If you want to avoid the "dplyr" approach, a simpler version to get the mean of a variable is:
```{r}
mean(brexit$proIntegration, na.rm = TRUE)
```
Note that here we need to make the name of the data set explicit, otherwise R cannot find the "proIntegration" variable. Otherwise the command looks very similar.
One advantage of using the more complicated, "dplyr" approach, however, is that it will be easier to calculate statistics for different subgroups. For example, if we want to have the mean and median of pro-integration for different groups of voters, we can do this:
```{r}
brexit %>%
group_by(vote) %>%
summarise(meanProIntegration = mean(proIntegration, na.rm = TRUE),
medianProIntegration = median(proIntegration, na.rm = TRUE)) %>%
pander
```
Have a look at the density and box plots above and see if you can find some of these values in the plots as well, approximately.
## Dispersion
The mean and the median tell us something about the centre of the distribution.
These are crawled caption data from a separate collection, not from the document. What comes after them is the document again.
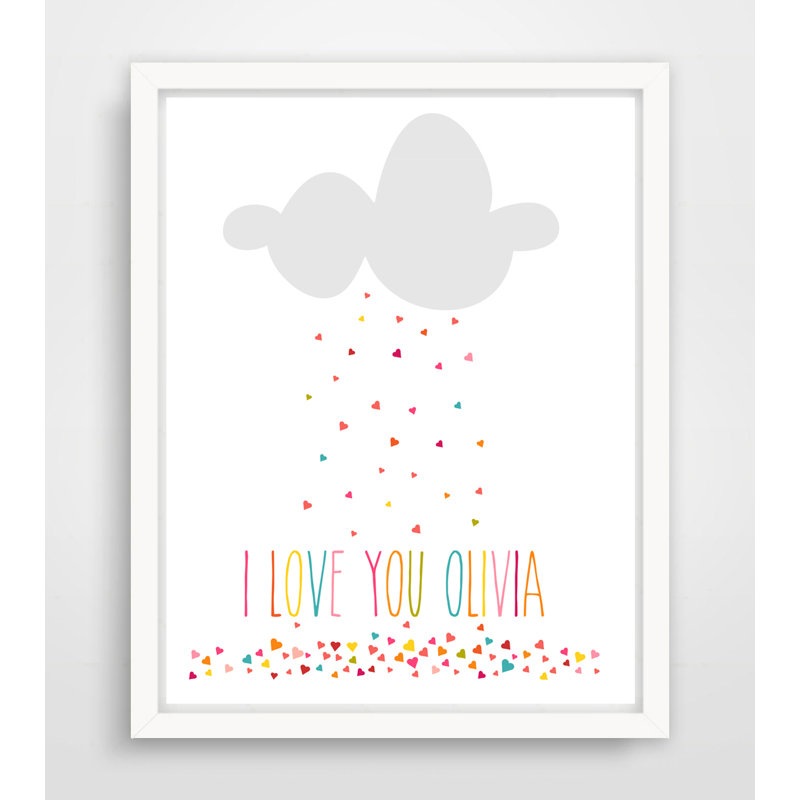 I Love You Cloud Rains Hearts, impression sur papier, H 14 po x l 11 po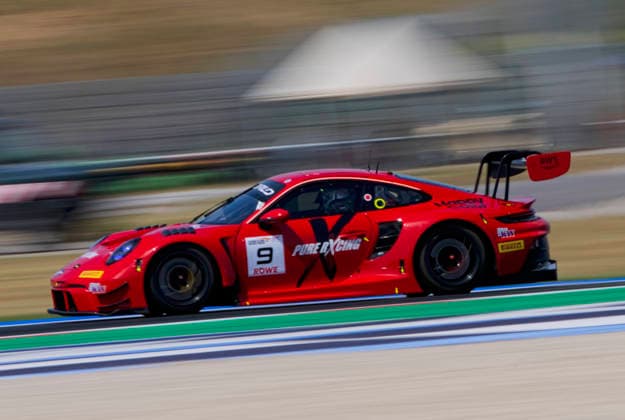 GT World Challenge Misano 2026 - Free Practice 1 Aliaksandr Malykhin and Riccardo Pera drive the ( 9) Porsche 911 GT3 R (992) EVO of team Pure Rxcing during Free Practice 1 of the fifth round of the GT World Challenge Europe by AWS at the Misano World Circuit - Marco Simoncelli in Misano, Italy, on July 17, 2026. Misano Italy Italy  Copyright: xFabioxPellicciax originalFilename:pelliccia-gtworldc260717_npS0g.jpg
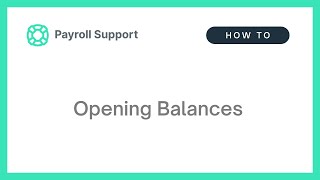 Business Settings - Opening Balances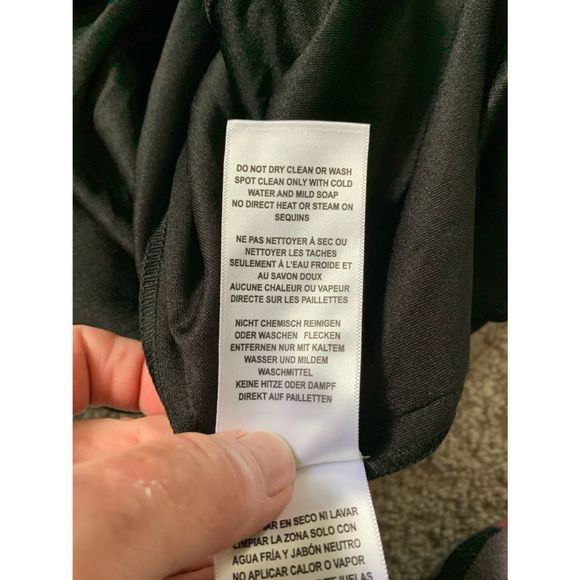 Aidan Mattox V-Neck Black Side Slit Sequined Dress 2 - Picture 10 of 11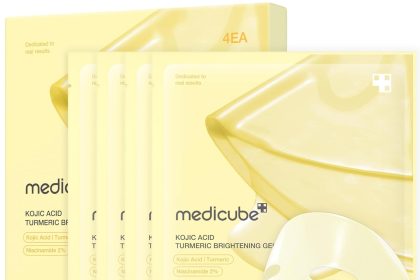 Medicube Kojic Acid Turmeric Brightening Gold Jelly Gel Mask jar with golden jelly texture, designed for overnight skin brightening, hydration, and improved elasticity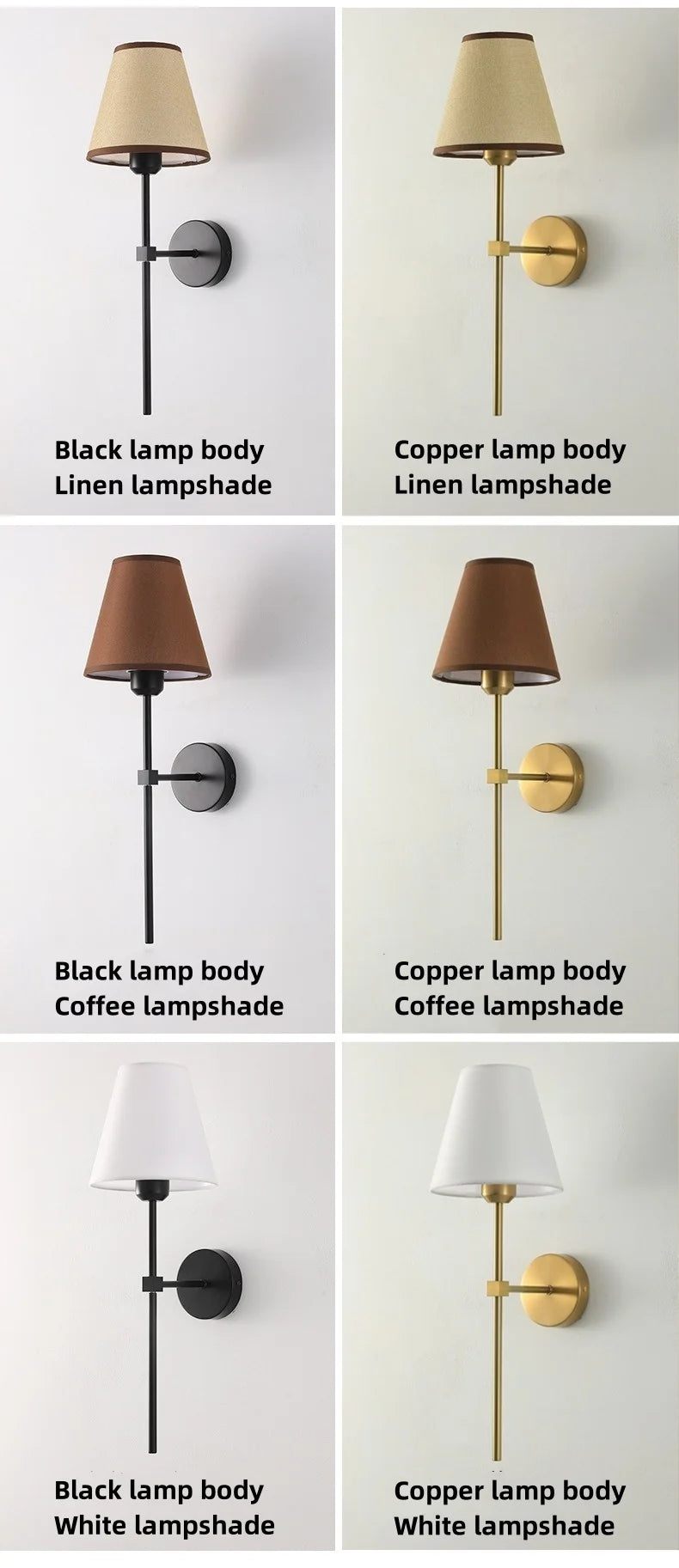 E27 American fabric wall lamp simple hotel room interior decor lighting living room corridor aisle bedroom bedside wall light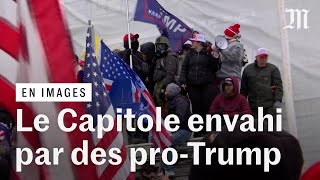 Le Capitole envahi  des centaines de supporteurs de Trump forcent lentrée du congrès américain [upl. by Nerin563]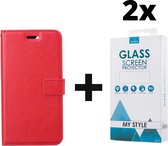 Kunstleer Bookcase Hoesje Met Pasjeshouder iPhone XS Max Rood - 2x Gratis Screen Protector - Telefoonhoesje - Smartphonehoesje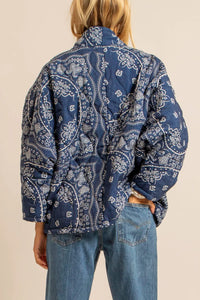 PADDED VISCOSE JACKET "BANDANA" BLUE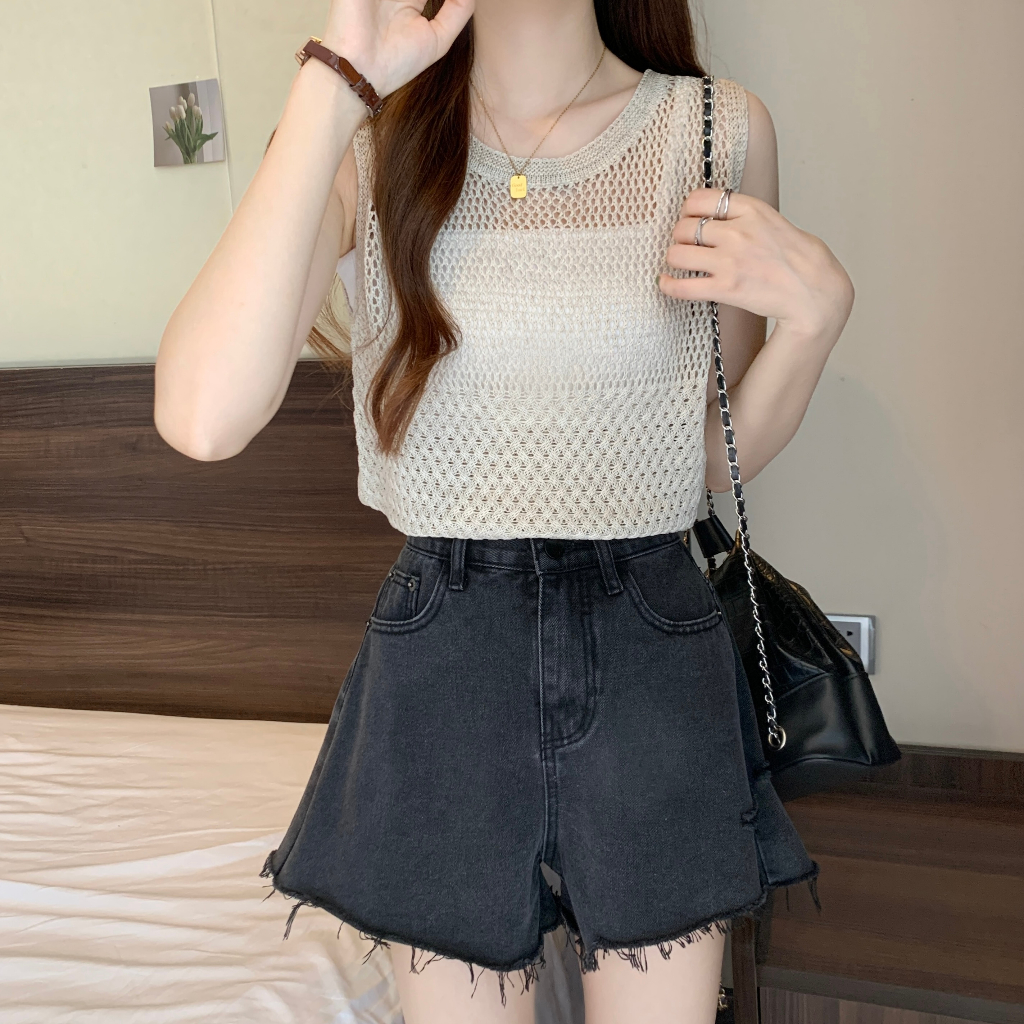 QADCOL Áo Sát Nách Lưới Mỏng Dáng Rộng Khoét Rỗng Kiểu Pháp Thời Trang Mùa Hè Mới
The second question is typically how much the observations vary around this central point. For that we can use a number of different statistics, such as the standard deviation and the variance:
```{r}
brexit %>%
summarise("standard deviation" = sd(proIntegration, na.rm = TRUE),
variance = var(proIntegration, na.rm = TRUE),
"interquartile range" = IQR(proIntegration, na.rm = TRUE)) %>%
pander
```
# Exercises
1. Create a new RMarkdown file for this lab and fill out the details in the header. Use it for the remainder of the questions.
1. Produce a histogram and a box plot for the age variable.
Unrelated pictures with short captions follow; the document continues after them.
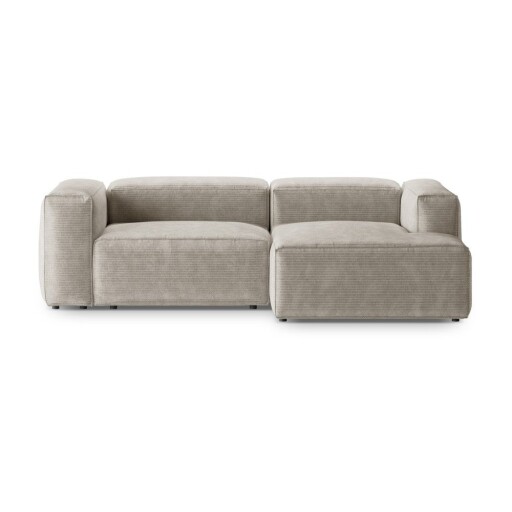 Colțar bej cu tapițerie din catifea reiată (cu colț pe partea dreaptă/cu șezlong) Bergano – Cosmopolitan Design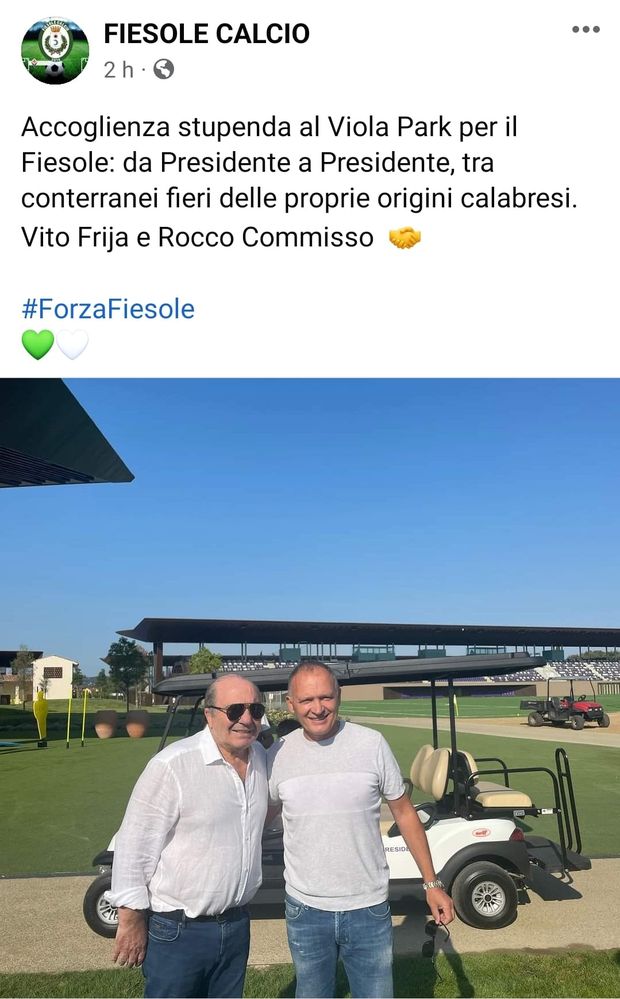 FOTO- Commisso incontra il presidente del Fiesole: “Fieri delle proprie origini”- immagine 2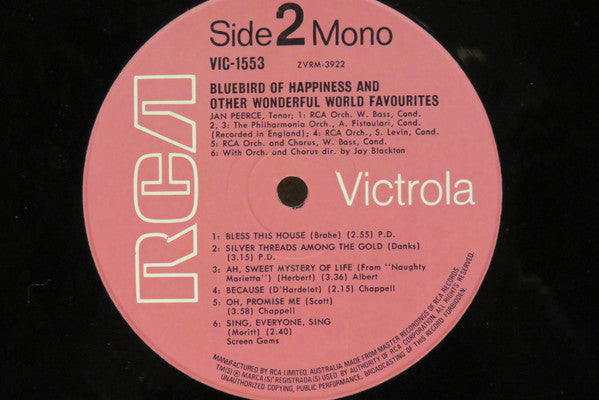 Jan Peerce : Bluebird Of Happiness And Other Wonderful World Favorites (LP, Comp, Mono)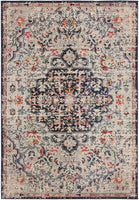 Madison Collection  Boho Chic Medallion Distressed Non-Shedding Stain Resistant Living Room Bedroom Area Rug Beige / Black
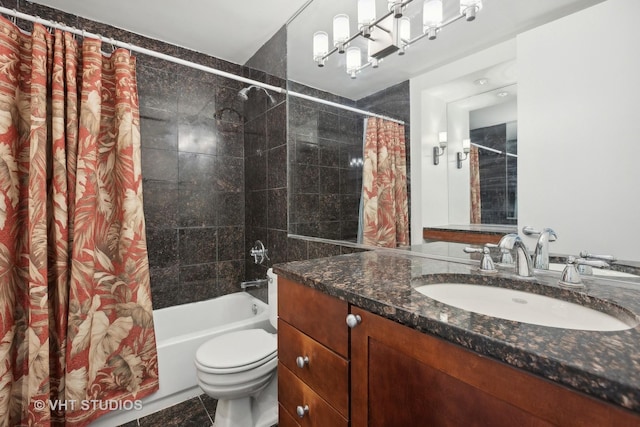 full bathroom featuring tile patterned flooring, vanity, toilet, and shower / bathtub combination with curtain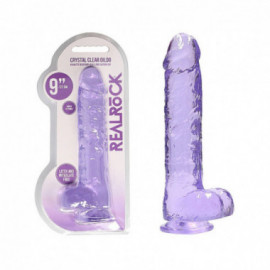 REALRoCK Jelly Dildo With Balls 9" Purpl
1. Calculate the mean, median, and standard deviation for the age variable. How do these relate to the plots you just produced?
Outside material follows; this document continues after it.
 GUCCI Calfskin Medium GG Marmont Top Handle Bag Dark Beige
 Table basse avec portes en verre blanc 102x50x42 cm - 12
1. Calculate the same summary statistics for the age variable, for different parties. What do you conclude?
1. Create a series of box plots to see whether age distributions differ by party.
1. Use a frequency table to look at the higherEducation variable.
1. Use a density plot to investigate the relation between having higher education and pro-integration attitudes.
1. For all plots, add embellishments such as labels, colors, and titles.
1. If you have time left, investigate the distribution of other variables in the data set, using tables, summary statistics, and visualisations.